Le second arrêt cité, à savoir l'ATF 112 III 52, concerne le séquestre d'un compte joint dont des époux étaient co-titulaires avec signatures individuelles. Il diffère toutefois du cas qui nous occupe par le fait qu’il était établi que les époux étaient créanciers solidaires envers la banque, alors qu’en l’occurrence cet élément n’a pas – encore – été prouvé. En effet, les décisions rendues par le Tribunal ou la Chambre de surveillance dans le cadre des procédures opposant la plaignante aux débiteurs séquestrés n'ont pas statué définitivement sur cette question. Les juridictions concernées n’ont examiné cette problématique que sous l’angle de la vraisemblance. Comme indiqué précédemment, cette question fait l'objet de la procédure en validation du séquestre actuellement pendante devant le Tribunal.

Ainsi, contrairement aux faits à l’origine de l’ATF 112 III 52 – et également de l'ATF 115 III 134 –, il n’est pas certain dans l'affaire qui nous occupe que les poursuites consécutives aux séquestres conduiraient dans tous les cas à la saisie des biens, que ceux-ci appartiennent à l’un ou à l’autre des débiteurs. A ce stade, seule l’existence d’une créance de la plaignante envers sa cocontractante défaillante est établie. Les questions de savoir si les intimés sont débiteurs de cette dette et, dans l'affirmative, s'ils le sont à titre solidaire, font l’objet de l’action en validation du séquestre pendante.

L’action en revendication conserve donc toute son importance.

Le grief de l'appelante sera ainsi rejeté.

3.3.3 Enfin, s'il est vrai que la procédure en contestation de la revendication peut s'avérer lourde et coûteuse compte tenu de la complexité des faits de la cause, de l'existence d'éléments d'extranéité justifiant l'examen du droit étranger (marshallais et/ou américain) ainsi que des questions juridiques qu'elle soulève, de telles considérations ne sont pas pertinentes pour décider de l'ouverture ou non d'une procédure de contestation de la revendication.

3.4 Il résulte de ce qui précède que l’Office était fondé à entrer en matière sur la revendication de l’intimée et fixer à la plaignante le délai prévu par la loi pour ouvrir action en contestation de cette prétention.

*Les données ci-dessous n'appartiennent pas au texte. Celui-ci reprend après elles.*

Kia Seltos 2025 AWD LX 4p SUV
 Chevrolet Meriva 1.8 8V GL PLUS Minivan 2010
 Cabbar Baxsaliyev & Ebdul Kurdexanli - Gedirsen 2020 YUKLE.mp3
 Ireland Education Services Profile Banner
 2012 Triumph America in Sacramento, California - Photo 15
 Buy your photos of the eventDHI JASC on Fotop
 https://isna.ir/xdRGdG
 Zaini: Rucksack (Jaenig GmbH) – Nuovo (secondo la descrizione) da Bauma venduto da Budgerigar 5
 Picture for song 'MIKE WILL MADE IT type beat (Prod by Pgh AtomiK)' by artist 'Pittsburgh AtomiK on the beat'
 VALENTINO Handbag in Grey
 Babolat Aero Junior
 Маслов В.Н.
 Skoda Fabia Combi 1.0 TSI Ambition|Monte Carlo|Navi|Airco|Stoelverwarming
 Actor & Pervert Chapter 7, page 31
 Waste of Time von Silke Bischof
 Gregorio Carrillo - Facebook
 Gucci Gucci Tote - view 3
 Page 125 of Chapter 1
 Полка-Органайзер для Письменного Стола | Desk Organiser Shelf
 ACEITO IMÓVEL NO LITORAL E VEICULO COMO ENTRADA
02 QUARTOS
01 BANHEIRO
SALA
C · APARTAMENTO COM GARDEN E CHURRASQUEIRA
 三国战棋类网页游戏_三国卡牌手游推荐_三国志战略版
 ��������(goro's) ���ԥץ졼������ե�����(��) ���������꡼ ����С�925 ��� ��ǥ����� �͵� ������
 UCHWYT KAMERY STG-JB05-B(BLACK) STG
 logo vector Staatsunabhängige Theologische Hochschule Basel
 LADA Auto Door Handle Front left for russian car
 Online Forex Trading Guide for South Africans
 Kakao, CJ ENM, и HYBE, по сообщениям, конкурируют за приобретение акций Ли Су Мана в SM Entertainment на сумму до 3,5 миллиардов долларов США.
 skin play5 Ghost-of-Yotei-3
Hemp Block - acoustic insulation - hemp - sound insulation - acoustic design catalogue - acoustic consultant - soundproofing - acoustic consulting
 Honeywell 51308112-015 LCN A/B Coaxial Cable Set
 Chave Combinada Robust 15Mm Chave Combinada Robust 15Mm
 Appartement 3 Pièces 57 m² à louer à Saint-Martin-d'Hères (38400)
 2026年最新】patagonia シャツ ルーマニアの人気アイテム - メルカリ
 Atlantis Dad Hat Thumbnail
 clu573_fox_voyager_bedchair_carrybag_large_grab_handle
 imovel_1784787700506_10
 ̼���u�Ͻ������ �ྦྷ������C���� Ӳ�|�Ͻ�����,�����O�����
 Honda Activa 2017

La plainte sera par conséquent rejetée.

4. La procédure de plainte est gratuite (art. 20a al. 2 ch. 5 LP et art. 61 al. 2 let. a OELP) et il ne peut être alloué aucun dépens dans cette procédure (art. 62 al. 2 OELP).

* * * * *


PAR CES MOTIFS,
La Chambre de surveillance :

A la forme :

Déclare recevable la plainte formée les 23 et 26 janvier 2017 par A______ SA contre les avis de revendication établis le 13 janvier 2017 par l'Office des poursuites dans la poursuite n° 14 xxxx36 D.

Au fond :

La rejette.

Siégeant :

Madame Florence KRAUSKOPF, présidente; Madame Natalie OPPATJA et Monsieur Denis KELLER, juges assesseur(e)s; Madame Marie NIERMARECHAL, greffière.

 

La présidente :

Florence KRAUSKOPF

 

La greffière :

Marie NIERMARECHAL

 

 

 

Voie de recours :

Le recours en matière civile au sens de l’art. 72 al. 2 let. a de la loi sur le Tribunal fédéral du 17 juin 2005 (LTF; RS 173.110) est ouvert contre les décisions prises par la Chambre de surveillance des Offices des poursuites et des faillites, unique autorité cantonale de surveillance en matière de poursuite pour dettes et faillite (art. 126 LOJ). Il doit être déposé devant le Tribunal fédéral, 1000 Lausanne 14, dans les dix jours qui suivent la notification de l'expédition complète de la présente décision (art. 100 al. 1 et 2 let. a LTF) ou dans les cinq jours en matière de poursuite pour effets de change (art. 100 al. 3 let. a LTF). L’art. 119 al. 1 LTF prévoit que si une partie forme un recours ordinaire et un recours constitutionnel, elle doit déposer les deux recours dans un seul mémoire. Le recours doit être rédigé dans une langue officielle, indiquer les conclusions, en quoi l'acte attaqué viole le droit et les moyens de preuve, et être signé (art. 42 LTF).

Le recours doit être adressé au Tribunal fédéral, 1000 Lausanne 14.